社会科学読書ブログ

社会科学関係の書籍を紹介

村上靖彦『客観性の落とし穴』(ちくまプリマー新書)

 客観性を追い求めることで却って不可視化されるものに焦点を当てよ、という本。科学は、自然を数値化し、社会を数値化し、心を数値化した。それによりすべてが「モノ」化し、人々は数字を追い求める競争に躍起になった。企業の利益競争や教育における偏差値競争などである。それは社会に差別や分断を生み出してきた。そうではなく著者が提案する世界へのアプローチ法は現象学である。現象学においては、①語り手の言葉を言い間違いも含めて可能な限り尊重してその人の身体性・個別性を保存する、②語られた文脈を重視するためただ一人の語りを大きく引用する、③語りのディテールを尊重する、④研究者自身の社会的立場、語り手の関係性も明示する、という手法をとることで、数値化されない人間の実像に迫れる。

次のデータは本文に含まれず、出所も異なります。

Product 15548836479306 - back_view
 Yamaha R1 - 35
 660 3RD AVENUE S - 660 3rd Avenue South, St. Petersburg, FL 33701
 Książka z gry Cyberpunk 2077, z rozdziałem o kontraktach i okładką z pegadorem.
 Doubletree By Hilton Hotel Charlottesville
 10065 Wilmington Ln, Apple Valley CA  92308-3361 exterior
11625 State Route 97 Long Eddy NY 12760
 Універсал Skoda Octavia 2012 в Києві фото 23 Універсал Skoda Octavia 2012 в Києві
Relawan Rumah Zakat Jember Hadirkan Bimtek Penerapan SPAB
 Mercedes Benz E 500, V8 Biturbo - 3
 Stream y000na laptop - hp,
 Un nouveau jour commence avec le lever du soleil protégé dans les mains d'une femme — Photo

 本書は、科学による世の中の数値化に対して警鐘を鳴らすものである。客観的なもの、数字でとらえられるものに依拠すると、取りこぼされるものがある。むしろその取りこぼされるところに世の中の本質は宿っているのである。確かに科学の営みも大事だが、それとは異なるアプローチとして現象学的なアプローチも重要である。それは生活史などに近接してくるだろう。たいへんわかりやすく面白い本であった。